Lorsque Mina eut terminé sa lecture, tout le monde laissa échapper un soupir de tristesse.
-Ce monsieur Kawabata Yasunari, c'est un ami de la famille ? questionnai-je à la cantonade.
-Non, répondit grand-mère Rosa en décroisant ses mains.
-C'est que vous avez toutes tellement l'air sous le choc...
-Ce n'est pas une connaissance. Nous ne l'avons jamais rencontré. Mais monsieur Kawabata, c'est un écrivain, n'est-ce pas ? Quelqu'un qui écrit des livres. Même ici, il y a des livres de monsieur Kawabata. Ce n'est pas une connaissance mais nous avons un lien. Monsieur Kawabata a écrit des livres, qui sont ici. Ces livres, tout le monde les lit.
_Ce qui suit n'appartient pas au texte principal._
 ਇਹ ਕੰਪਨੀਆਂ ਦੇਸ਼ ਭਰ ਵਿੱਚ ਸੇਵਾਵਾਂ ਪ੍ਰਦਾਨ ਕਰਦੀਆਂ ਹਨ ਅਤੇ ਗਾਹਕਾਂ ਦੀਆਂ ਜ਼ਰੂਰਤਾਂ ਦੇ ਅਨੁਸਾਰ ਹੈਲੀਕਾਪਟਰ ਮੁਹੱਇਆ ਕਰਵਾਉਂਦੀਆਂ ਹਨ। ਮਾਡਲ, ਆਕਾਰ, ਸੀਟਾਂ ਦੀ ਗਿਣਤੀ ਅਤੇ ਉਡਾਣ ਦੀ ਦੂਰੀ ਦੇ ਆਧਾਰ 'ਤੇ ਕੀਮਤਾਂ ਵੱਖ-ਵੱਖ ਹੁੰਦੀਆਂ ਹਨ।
C'est pourquoi nous sommes tristes.
Mina replia soigneusement le journal et le posa sur la table. Elles sont toutes restées un moment tête basse, comme si elles respectaient une minute de silence, les yeux baissés sur leur assiette, sans se préoccuper des oeufs au bacon qui refroidissaient."
Yoko Ogawa. La marche de Mina.

Vivre au Japon me permet de picorer des Bolo -comme Mina et sa cousine- en lisant le dernier roman de Yoko Ogawa.

2 commentaires:

Anonyme a dit…

Bonjour

je viens de terminer "la marche de mina" et je suis ravie de voir à quoi ressemblent des Bolos ! Je n'étais même pas sûre que ça existait !
Je vais faire un petit tour sur ce blog...

Gwen a dit…

.. Et moi, j'ai été ravie de les découvrir ! (en fait, ça n'a aucun intérêt gustatif mais ça, ce n'est pas grave !!!)